When the enemy learned Caesar's location, they rushed to intercept.
Despite an obvious advantage for the Alexandrians, Caesar, with a Rhodian ship full of skillful sailors, emerged victorious.
With help from the allied ships, Caesar's victory enabled him to push the Egyptians back and secure the Lighthouse.
Gaining control of Pharos island sent the Alexandrians into the sea and swimming back to the city.
However, Caesar's fortification of the island didn't last long.
The enemy regrouped and were set to storm the island.
Panic-stricken, in spite of Caesar's encouragement, many of his men then fled their posts either by ship or jumping into the sea.
Caesar attempted to retreat, but Port Eunostos' harbor was overrun with enemy ships preventing escape.
Reportedly, Caesar gathered his papers and leapt overboard in an attempt to swim to an allied ship farther out.
Historian Cassius Dio claimed that Caesar would've drowned if he hadn't been able to remove his purple garment. Still, he managed to swim the distance and survive.
The Alexandrians recovered the cloak and used it as a trophy to commemorate the Roman debacle.
Unhappy with Ganymedes and wanting their king restored, the Alexandrians approached Caesar with a compromise. Caesar agreed to release Ptolemy XIII, after entreating him to spare the kingdom and remain loyal to Rome. Once freed, however, the king defied the agreement and continued the war.
By this time, a faithful ally of Caesar's, Mithridates, arrived in Egypt, clashing with Ptolemy's troops at Pelusium.
Outnumbering the enemy, Mithridates secured the region between Pelusium and Alexandria.
Ptolemy, warned of Caesar's ally marching on Alexandria, sent his troops to prevent passage over the river.
Mithridates warned Caesar in time, and the two groups confronted the armies of Ptolemy in the Delta.
In the Battle of the Nile, the Romans gained the upper hand, sending the Egyptians fleeing.
In the tumult and panic, King Ptolemy XIII drowned in the Nile.
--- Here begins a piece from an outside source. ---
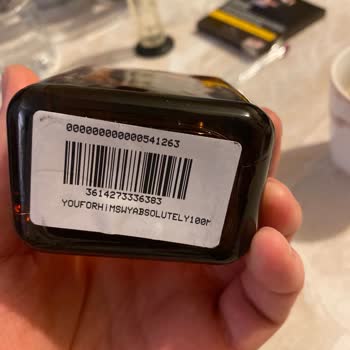 Sephora'dan Alınan Armani Parfümde Kalıcılık Sorunu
After the siege ended, Cleopatra VIl married her younger brother, Ptolemy XIV, enabling her to reign over Egypt until 30 BCE.
Under her rule, Alexandria settled into its position within the Roman Empire, and eventually surpassed Athens as one of the most important cities in the Roman Empire.
Julius Caesar remained in Egypt for a short time. He and Cleopatra would later have a son, named Caesarion.